In any case, among other things, the President has translated the Fortress America concept into a new version of Us versus Them:

Last month, I also took an action endorsed unanimously by the U.S. Senate, just months before. I recognized Jerusalem as the capital of Israel. Shortly afterwards, dozens of countries voted in the United Nations General Assembly against America’s sovereign right to make this decision. In 2016, American taxpayers generously sent those same countries more than $20 billion in aid. That is why, tonight, I am asking Congress to pass legislation to help ensure American foreign assistance dollars always serve American interests and only go to friends of America, not enemies of America.” [emphasis mine]

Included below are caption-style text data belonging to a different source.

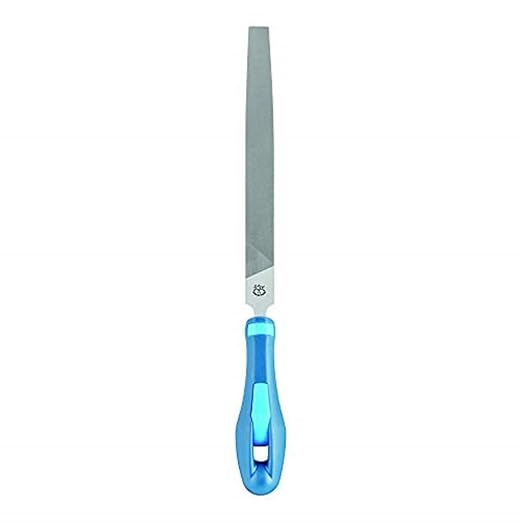 PFERD 10" Flat File - Second Cut with Handle for Metalwork and Deburring, Durable Steel Hand Tool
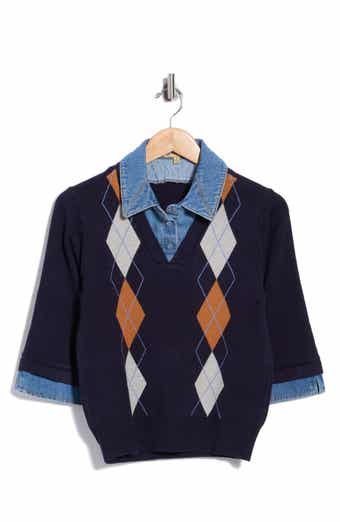 Denim Trim Argyle Sweater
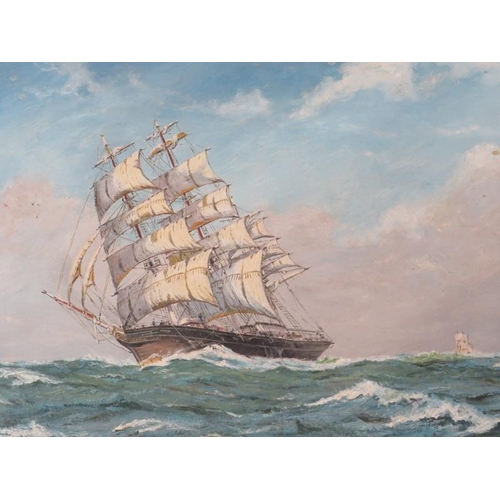 560 - John Terry 1880-1934, early 20th Century oil on board 'Cutty Sark in Full Sail' (Cutty Sark now dry ... 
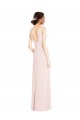 Cheap Square Neck Low Back A-Line Bridesmaid Dress with Front Slit and Pockets Canada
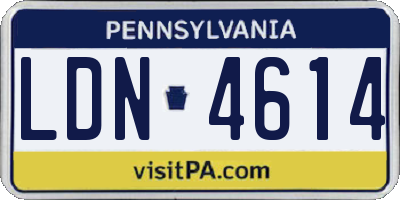 PA license plate LDN4614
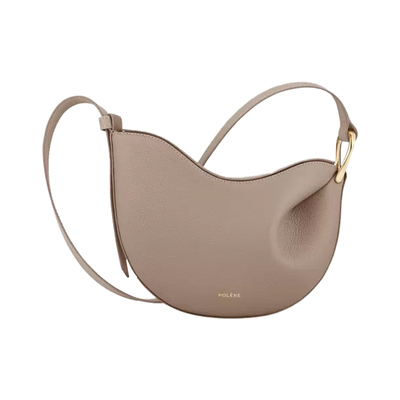 灰色荔枝牛皮斜挎包Polene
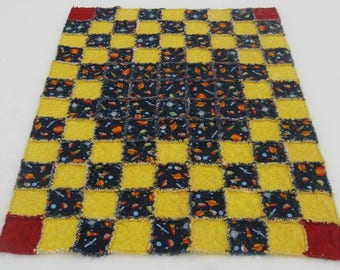 Outer Space Navy and Yellow Flannel Rag Quilt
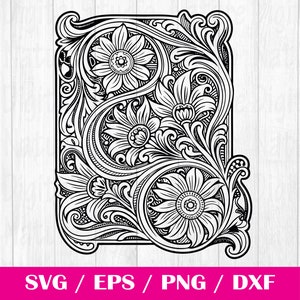 Tooled Leather Pattern Floral SVG, svg files, svg files for cricut, svg cricut, Cut Files Cricut, Digital Download, Silhouette Svg,Pattern78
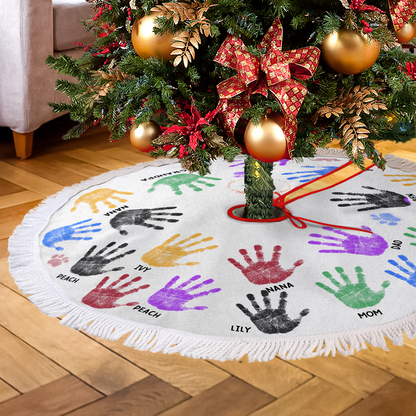 Christmas Tree Skirt - Personalized Christmas As A Family Handprints - Christmas Tree Cover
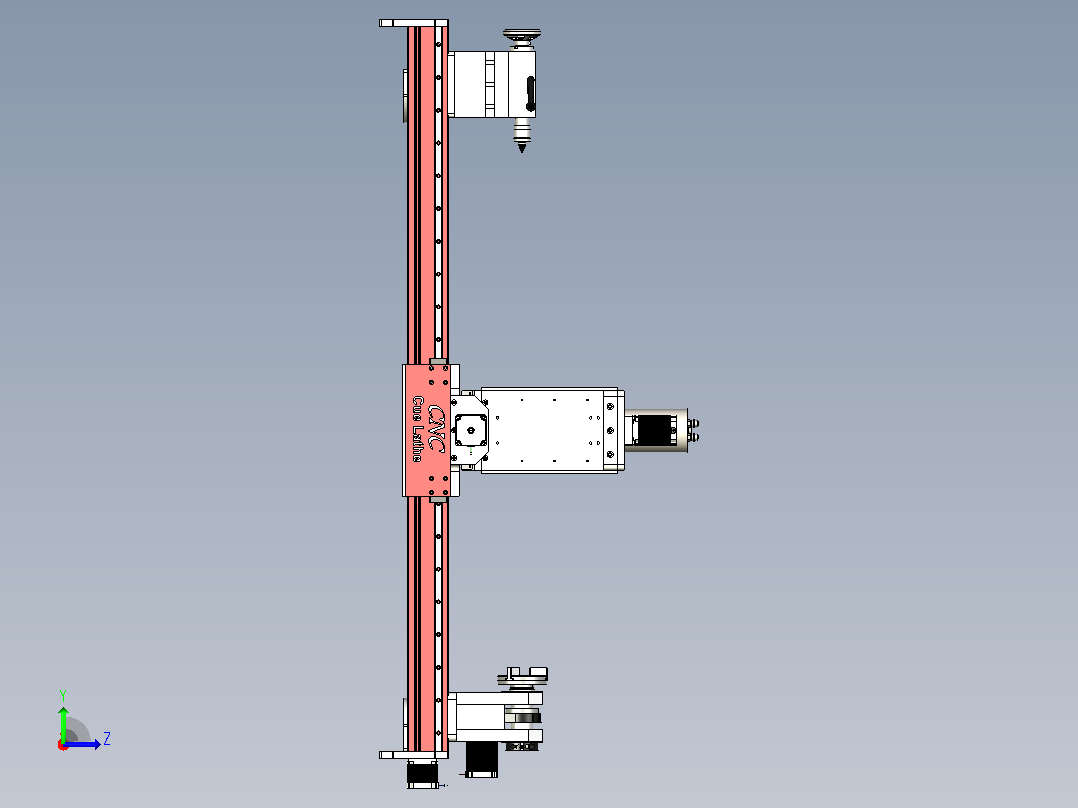 Original小型数控车削车床3D数模图纸 f3d igs step格式左视图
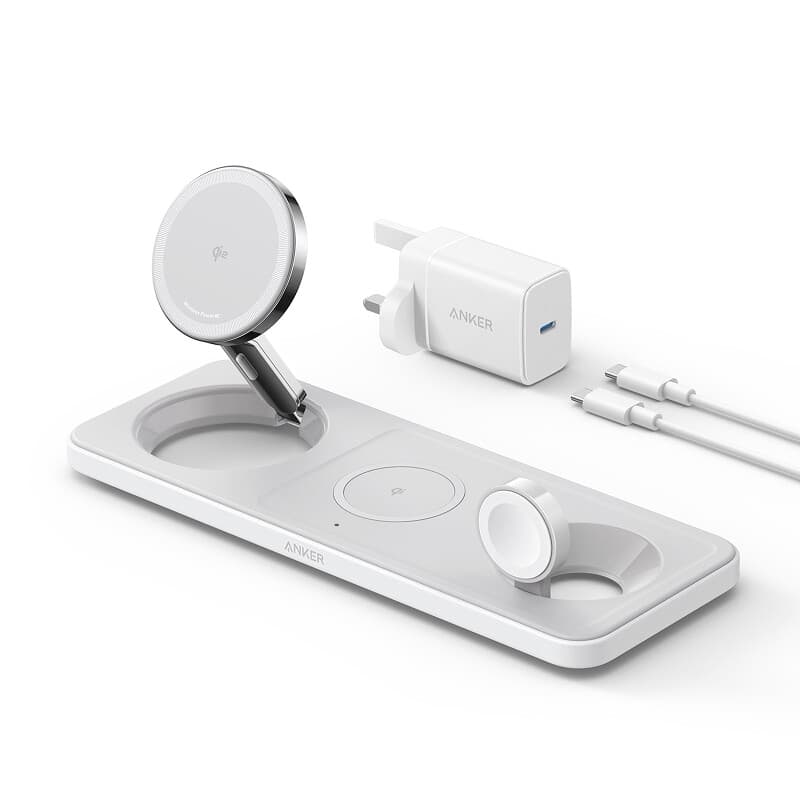 Anker MagGo-1 universele witte draadloze USB-oplader met ingebouwde snellading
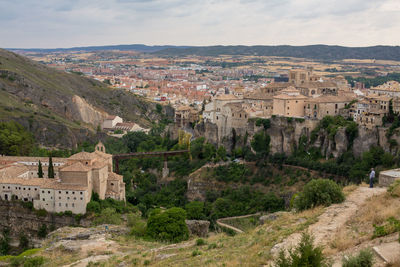 High angle view of buildings in town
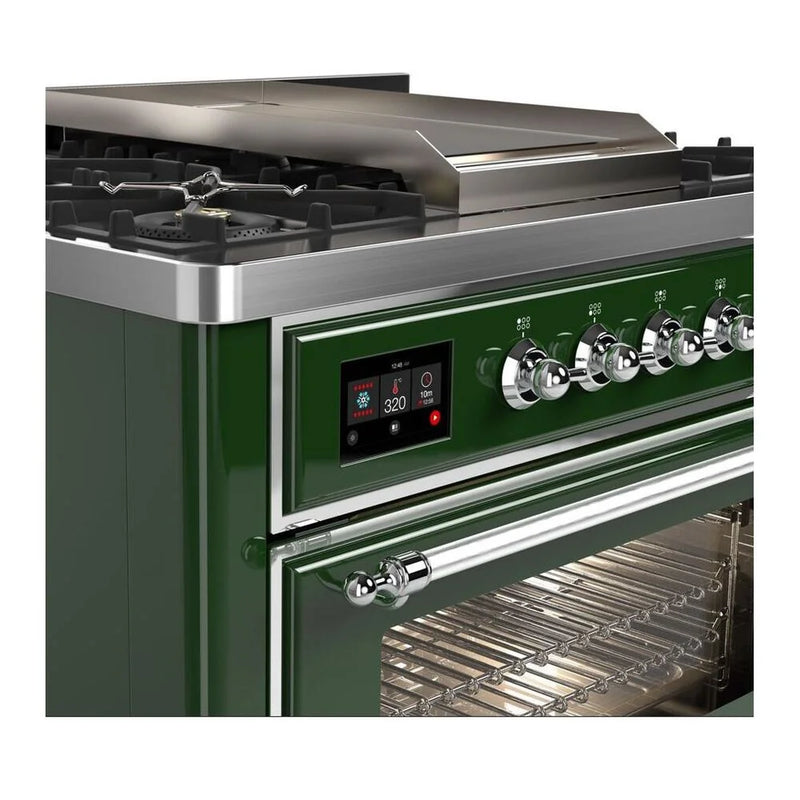 ILVE Majestic II 36" Dual Fuel Freestanding Range in Emerald Green with Chrome Trim, UM09FDNS3EGCLP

The President has thus gone from “America First” to “America Alone” and in the process branded multiple former strong allies as enemies of America. While international diplomacy has a way of overlooking even the most heinous of hostile stupidities, it is clear enough why, since Trump was elected, the standing of the United States in the international community is at an all-time low, similar to the President’s approval ratings among Americans.

Isolationism has a long history in the United States (see http://bit.ly/1j8FAlI) but was often practiced in the breach as the U.S. extended its commercial hegemony wherever it thought its interests justified it. It has never been an effective foreign policy and was dashed on the rocks of reality when the United States was caught flat-footed by Japan at Pearl Harbor. That attack ended, among other things, the influence of the America First Committee. See http://bit.ly/2GENz7r. The current President did not invent the term ‘America First;’ he resurrected it from the garbage dump of history.

The United States was again surprised by the North Korean invasion of South Korea just five years after the end of World War II.  In the current world of highly interconnected digital communications, jet travel and the rest, it seems the height of folly to pursue a foreign policy based on the idea that the United States can “go it alone.” That nevertheless is the essence of the current President’s “policies” which, ironically appeals to his political base who will likely be among the first call-ups if we end up in a larger war.

And, so, my fellow Americans, we have a situation here where, as one of Trump’s followers said on Facebook the other day, “Obama destroyed America” and yet “the state of the union is strong.” Where we are under assault on every front, yet we are the greatest of all people on the earth and our economy is flourishing.

And, oh yes, where our President is under investigation for obstruction of justice and conspiring with actual historical and current adversaries of our country to fix the last election.

Undeterred by all the self-interested and self-contradictory blather from our disgrace of a national leader, I choose to end on the optimistic note: the American people are sufficiently exceptional that they will survive this blot on their integrity, the republic will survive, bruises and all, and in the end, Martin Luther King Jr. will have been proved right again — we shall overcome.